— Input records —
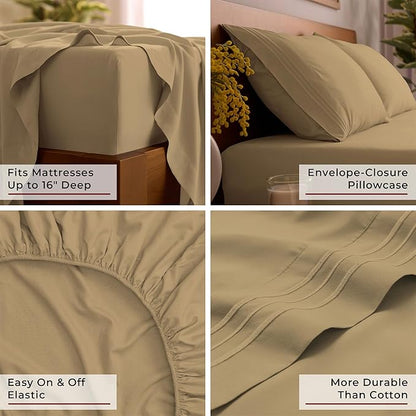 Mellanni Queen Sheets Set - 4 PC Iconic Collection Bedding - Hotel Luxury, Extra Soft, Cooling Bed Sheets - Wrinkle, Fade, Stain Resistant (Queen, Gold)
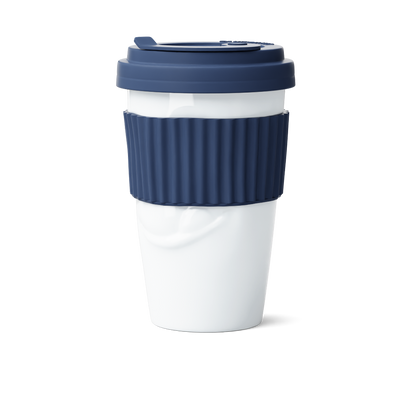 Premium porcelain coffee mug with a heat-retaining lid and protective sleeve and no handle from the porcelain product family of fun dishware by FIFTYEIGHT Products. Offers 13.5 oz capacity for enjoying coffee, tea, latte, matcha, and more on the go. Shipped in exclusively designed gift box.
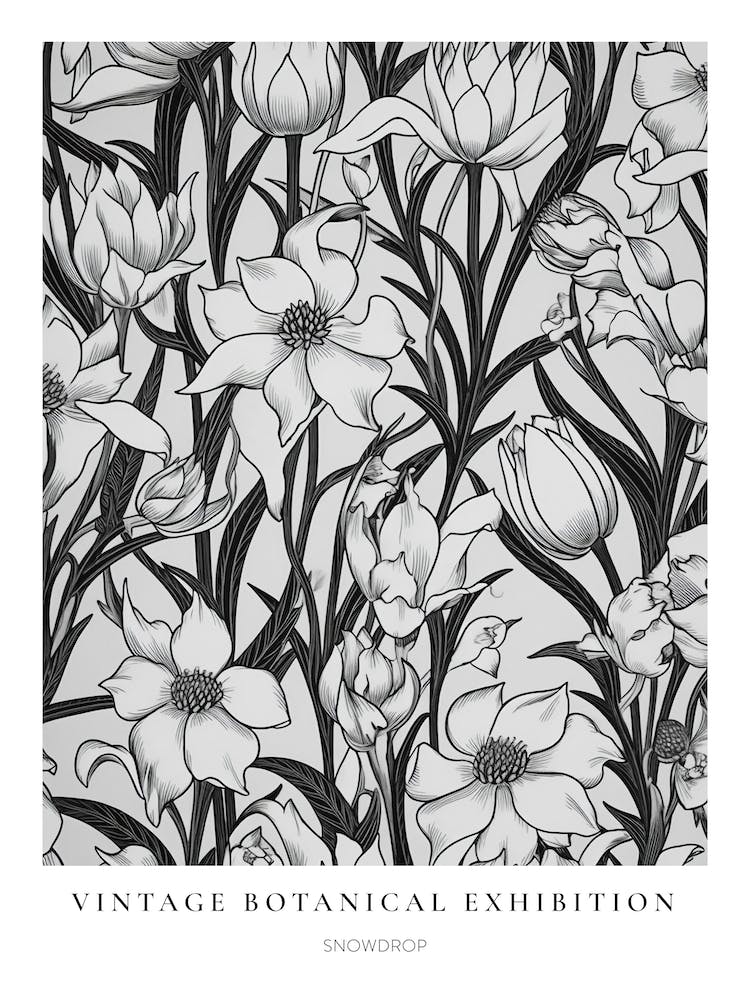 Snowdrop B&W Vintage Botanical Poster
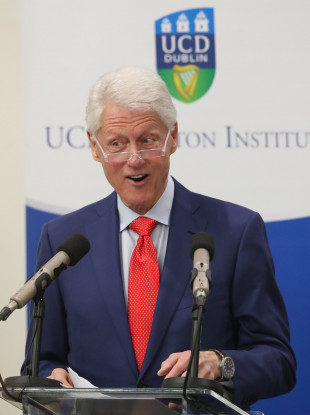 Former US President Bill Clinton during his speech to the University College Dublin last night.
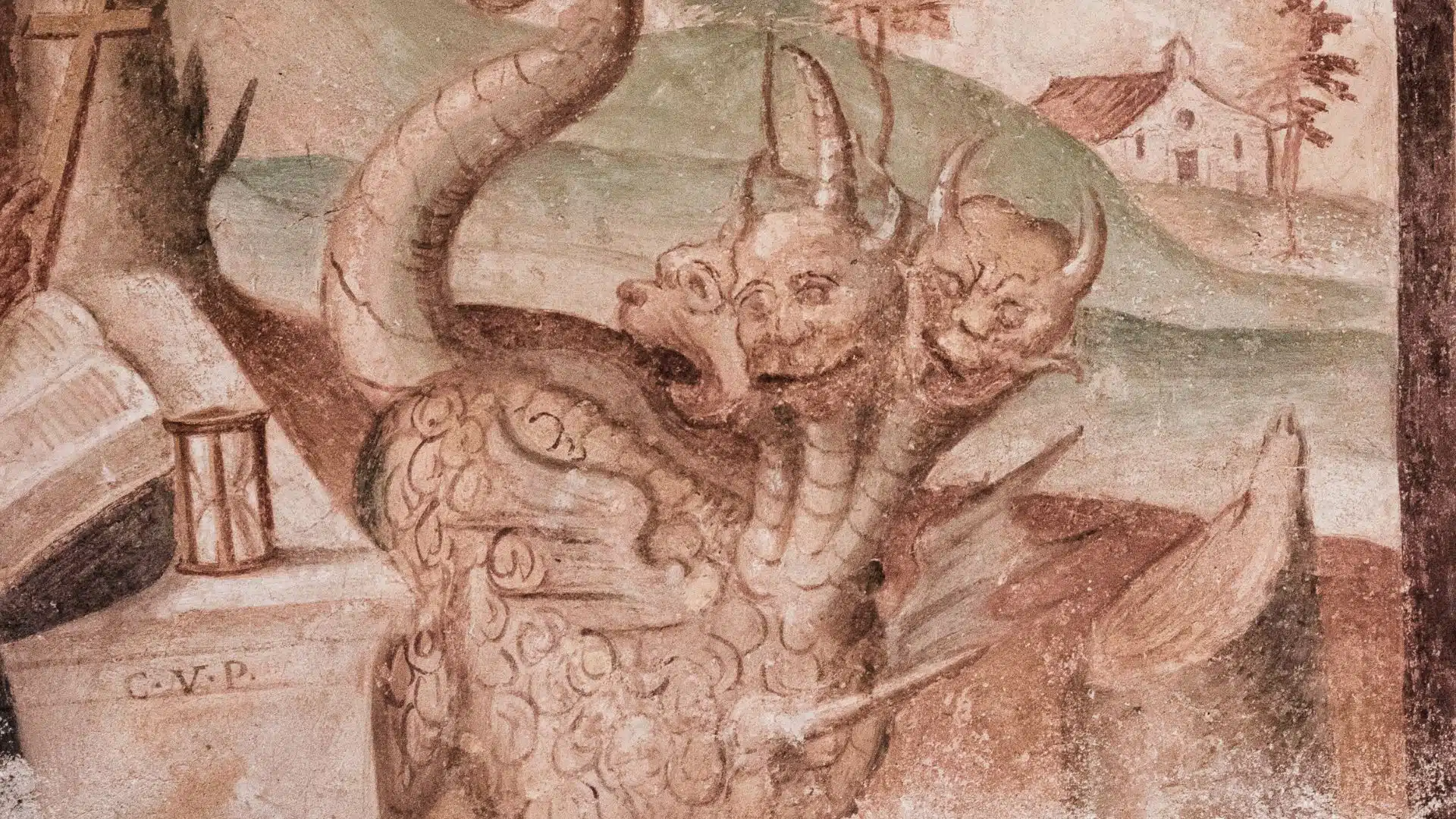 Particolare affresco chiesa Sant'Antonio Bardies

— Problem description —
The complete set of records should be written out again, pictures excluded.

— Final answer —
 Mellanni Queen Sheets Set - 4 PC Iconic Collection Bedding - Hotel Luxury, Extra Soft, Cooling Bed Sheets - Wrinkle, Fade, Stain Resistant (Queen, Gold)
 Premium porcelain coffee mug with a heat-retaining lid and protective sleeve and no handle from the porcelain product family of fun dishware by FIFTYEIGHT Products. Offers 13.5 oz capacity for enjoying coffee, tea, latte, matcha, and more on the go. Shipped in exclusively designed gift box.
 Snowdrop B&W Vintage Botanical Poster
 Former US President Bill Clinton during his speech to the University College Dublin last night.
 Particolare affresco chiesa Sant'Antonio Bardies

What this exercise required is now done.